No caso de Berlim, os dados foram obtidos de um estudo da Berlin HYP & CBRE, uma consultora privada mas que, consideram os investigadores, “por estar construído sobre anúncios privados, pode estar, como em Barcelona, a apresentar valores superiores aos reais”.

Com o cruzamento de toda esta informação percebe-se uma grande disparidade entre as três cidades. “E que prova que num contexto onde os preços são locais e o mercado é global, podem existir actores automaticamente excluídos da dita concorrência”, escreve Aitor Vareo Oro, um dos membros da equipa.

Os investigadores da FAUP identificaram vários tipos de desigualdades nestas análises, a começar pelas desigualdade entre os próprios cidadãos: “O mais grave é o caso português, já que nas outras duas cidades é mais comum que mais trabalhadores se afastem, e por uma maior margem, do ordenado mínimo”, explica Vareo Oro.

Mas também desigualdades entre agentes no mercado “que se verifica até no caso de Berlim, também alvo de investimentos de países com maior poder de compra e, como as outras duas cidades, da acção de agentes poderosos como grandes fundos imobiliários”.

“Convém referir que a desigualdade não se cinge ao poder de compra, mas, também, à possibilidade de aceder aos financiamentos, de contornar a legislação ou até de influir na sua criação, graças a um capital técnico que o cidadão comum não tem e o poder público não lhes fornece”, argumenta o investigador.

Onde é que um casal com um dependente consegue arrendar um T2?


O rendimento de um agregado tipo (casal com um menor dependente) é suficiente para arrendar um T2 de 95 metros quadrados? Os cálculos efectuados pelo grupo de investigação Morfologias e Dinâmicas do Território da FAUP mostram as dificuldades que existem nas cidades de Lisboa, Barcelona e Berlim.

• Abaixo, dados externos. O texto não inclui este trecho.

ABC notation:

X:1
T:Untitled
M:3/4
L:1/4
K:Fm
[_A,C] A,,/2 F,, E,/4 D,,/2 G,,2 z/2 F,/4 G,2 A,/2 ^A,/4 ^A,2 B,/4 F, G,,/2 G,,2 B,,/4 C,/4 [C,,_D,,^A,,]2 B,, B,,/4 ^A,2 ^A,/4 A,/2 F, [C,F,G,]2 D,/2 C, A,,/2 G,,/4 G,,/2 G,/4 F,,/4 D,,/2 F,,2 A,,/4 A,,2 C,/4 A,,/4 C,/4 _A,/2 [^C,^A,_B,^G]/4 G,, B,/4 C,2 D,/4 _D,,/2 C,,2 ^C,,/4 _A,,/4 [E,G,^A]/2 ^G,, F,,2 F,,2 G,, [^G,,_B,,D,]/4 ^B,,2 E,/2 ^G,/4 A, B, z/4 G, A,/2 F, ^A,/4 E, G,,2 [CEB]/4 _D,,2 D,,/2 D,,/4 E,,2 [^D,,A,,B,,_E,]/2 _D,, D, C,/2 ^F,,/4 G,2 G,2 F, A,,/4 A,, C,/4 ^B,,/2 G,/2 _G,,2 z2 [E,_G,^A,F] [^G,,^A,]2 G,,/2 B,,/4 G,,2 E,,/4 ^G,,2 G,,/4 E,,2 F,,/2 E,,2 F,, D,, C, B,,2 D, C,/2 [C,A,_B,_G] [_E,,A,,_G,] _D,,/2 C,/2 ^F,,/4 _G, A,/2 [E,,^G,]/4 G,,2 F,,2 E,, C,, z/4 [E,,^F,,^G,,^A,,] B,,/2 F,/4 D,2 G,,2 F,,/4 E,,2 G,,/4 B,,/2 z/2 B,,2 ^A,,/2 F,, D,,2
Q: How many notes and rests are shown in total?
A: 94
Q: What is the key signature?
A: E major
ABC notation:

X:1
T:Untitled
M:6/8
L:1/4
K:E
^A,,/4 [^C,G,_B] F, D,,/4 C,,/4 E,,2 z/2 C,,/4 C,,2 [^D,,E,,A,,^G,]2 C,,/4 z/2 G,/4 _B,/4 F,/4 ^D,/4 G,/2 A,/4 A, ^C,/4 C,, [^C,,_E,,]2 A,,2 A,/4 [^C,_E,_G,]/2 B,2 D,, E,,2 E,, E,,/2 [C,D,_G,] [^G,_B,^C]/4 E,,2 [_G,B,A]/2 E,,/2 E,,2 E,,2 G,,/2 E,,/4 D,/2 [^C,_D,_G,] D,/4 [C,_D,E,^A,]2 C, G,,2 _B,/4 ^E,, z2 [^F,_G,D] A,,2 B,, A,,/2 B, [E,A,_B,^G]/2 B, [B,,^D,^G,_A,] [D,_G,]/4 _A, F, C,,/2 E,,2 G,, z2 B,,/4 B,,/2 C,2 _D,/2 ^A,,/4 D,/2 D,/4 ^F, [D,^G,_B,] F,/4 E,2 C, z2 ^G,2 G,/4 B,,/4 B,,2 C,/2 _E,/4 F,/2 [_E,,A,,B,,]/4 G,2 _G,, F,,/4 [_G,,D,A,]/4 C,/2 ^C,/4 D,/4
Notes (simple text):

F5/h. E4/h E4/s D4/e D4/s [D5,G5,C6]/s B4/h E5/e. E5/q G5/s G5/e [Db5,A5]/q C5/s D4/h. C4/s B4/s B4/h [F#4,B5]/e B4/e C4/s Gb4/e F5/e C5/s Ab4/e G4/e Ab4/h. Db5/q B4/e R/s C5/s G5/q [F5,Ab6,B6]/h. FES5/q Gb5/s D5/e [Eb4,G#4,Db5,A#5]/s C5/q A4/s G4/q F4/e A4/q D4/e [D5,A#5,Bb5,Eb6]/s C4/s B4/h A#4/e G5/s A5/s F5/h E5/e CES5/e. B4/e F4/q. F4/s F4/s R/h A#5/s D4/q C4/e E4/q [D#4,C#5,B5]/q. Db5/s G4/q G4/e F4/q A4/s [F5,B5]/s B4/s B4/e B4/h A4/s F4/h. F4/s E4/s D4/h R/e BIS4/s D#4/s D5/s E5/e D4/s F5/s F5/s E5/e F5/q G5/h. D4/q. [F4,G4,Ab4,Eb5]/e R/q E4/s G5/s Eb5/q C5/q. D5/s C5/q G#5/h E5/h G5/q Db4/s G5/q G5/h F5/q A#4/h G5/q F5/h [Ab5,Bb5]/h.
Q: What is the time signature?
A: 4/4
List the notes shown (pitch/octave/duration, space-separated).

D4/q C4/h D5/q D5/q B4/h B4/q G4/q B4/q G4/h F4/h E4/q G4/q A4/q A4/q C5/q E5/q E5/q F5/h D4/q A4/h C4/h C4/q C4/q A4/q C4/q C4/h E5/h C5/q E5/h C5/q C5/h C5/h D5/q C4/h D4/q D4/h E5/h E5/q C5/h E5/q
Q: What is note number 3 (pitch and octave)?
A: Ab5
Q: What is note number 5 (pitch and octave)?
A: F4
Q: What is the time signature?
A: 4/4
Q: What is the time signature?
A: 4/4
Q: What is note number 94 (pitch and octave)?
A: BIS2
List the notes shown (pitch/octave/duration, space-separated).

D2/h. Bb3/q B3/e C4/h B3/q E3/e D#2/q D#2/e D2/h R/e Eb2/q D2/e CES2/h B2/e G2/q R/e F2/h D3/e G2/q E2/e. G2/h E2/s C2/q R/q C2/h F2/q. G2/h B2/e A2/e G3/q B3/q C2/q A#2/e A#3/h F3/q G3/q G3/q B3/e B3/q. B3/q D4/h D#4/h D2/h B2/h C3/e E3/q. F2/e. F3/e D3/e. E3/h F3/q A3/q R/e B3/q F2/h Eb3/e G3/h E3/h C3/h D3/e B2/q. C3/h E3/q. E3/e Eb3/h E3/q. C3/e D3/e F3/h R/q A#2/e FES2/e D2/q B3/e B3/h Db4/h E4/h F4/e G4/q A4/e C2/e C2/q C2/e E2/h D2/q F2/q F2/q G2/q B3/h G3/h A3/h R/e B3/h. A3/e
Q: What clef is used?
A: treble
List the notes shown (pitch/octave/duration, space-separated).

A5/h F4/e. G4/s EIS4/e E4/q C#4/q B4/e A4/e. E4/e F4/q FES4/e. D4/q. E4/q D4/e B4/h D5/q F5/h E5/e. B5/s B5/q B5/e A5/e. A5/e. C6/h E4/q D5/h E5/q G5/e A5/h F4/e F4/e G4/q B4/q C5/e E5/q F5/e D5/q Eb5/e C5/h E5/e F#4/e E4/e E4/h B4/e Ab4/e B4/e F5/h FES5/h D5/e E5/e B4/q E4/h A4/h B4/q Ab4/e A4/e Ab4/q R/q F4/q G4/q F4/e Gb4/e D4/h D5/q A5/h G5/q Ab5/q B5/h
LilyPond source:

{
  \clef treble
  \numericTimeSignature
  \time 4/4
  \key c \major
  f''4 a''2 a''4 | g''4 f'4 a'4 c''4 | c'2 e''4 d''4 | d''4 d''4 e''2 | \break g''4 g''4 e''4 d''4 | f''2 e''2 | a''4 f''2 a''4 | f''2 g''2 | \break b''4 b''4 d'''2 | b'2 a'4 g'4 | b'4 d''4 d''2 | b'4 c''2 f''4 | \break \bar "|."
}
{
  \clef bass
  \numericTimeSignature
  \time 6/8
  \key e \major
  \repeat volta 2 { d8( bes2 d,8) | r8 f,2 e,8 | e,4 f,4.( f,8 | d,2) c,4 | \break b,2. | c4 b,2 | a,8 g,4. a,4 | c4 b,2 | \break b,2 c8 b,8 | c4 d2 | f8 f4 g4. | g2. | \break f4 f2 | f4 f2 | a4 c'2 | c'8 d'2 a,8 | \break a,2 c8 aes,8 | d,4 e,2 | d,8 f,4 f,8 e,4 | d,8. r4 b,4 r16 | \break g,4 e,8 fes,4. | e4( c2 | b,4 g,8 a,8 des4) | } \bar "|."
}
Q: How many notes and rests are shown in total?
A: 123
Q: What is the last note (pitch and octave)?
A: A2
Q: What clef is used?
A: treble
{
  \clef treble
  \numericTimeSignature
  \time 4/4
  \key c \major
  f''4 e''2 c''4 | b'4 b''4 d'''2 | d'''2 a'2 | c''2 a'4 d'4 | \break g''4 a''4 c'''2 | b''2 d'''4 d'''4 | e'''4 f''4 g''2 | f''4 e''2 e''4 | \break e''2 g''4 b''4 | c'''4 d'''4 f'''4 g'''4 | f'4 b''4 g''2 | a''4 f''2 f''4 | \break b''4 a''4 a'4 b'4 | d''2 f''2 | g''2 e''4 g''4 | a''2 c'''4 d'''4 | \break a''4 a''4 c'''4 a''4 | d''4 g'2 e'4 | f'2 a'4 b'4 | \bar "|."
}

Os três mapas aqui reproduzidos mostram, para o T2-tipo, tanto a distribuição como a extensão das zonas inacessíveis como o seu grau de desfasamento relativamente ao orçamento familiar. Os gráficos mostram, em cada cidade, a relação entre o orçamento total disponível e a parcela consumida pelo pagamento da renda mediana. Os rendimentos foram retirados das Estatísticas Europeias sobre Rendimentos e Condições de Vida (2018). Em Lisboa, foi calculado o valor da renda de mercado de um T2-tipo em cada freguesia segundo os critérios do Programa de Arrendamento Acessível (dados do 2.º semestre 2018). Em Barcelona, as rendas foram calculadas pelo valor por m2 em cada bairro disponibilizados pelo Observatori Metropolità de l’Habitatge de Barcelona (dados de 2018). Em Berlim, os valores por m2 em cada código postal foram obtidos no Estudo Housing Market Report Berlin 2019 Berlin HYP & CBRE (dados de 2018).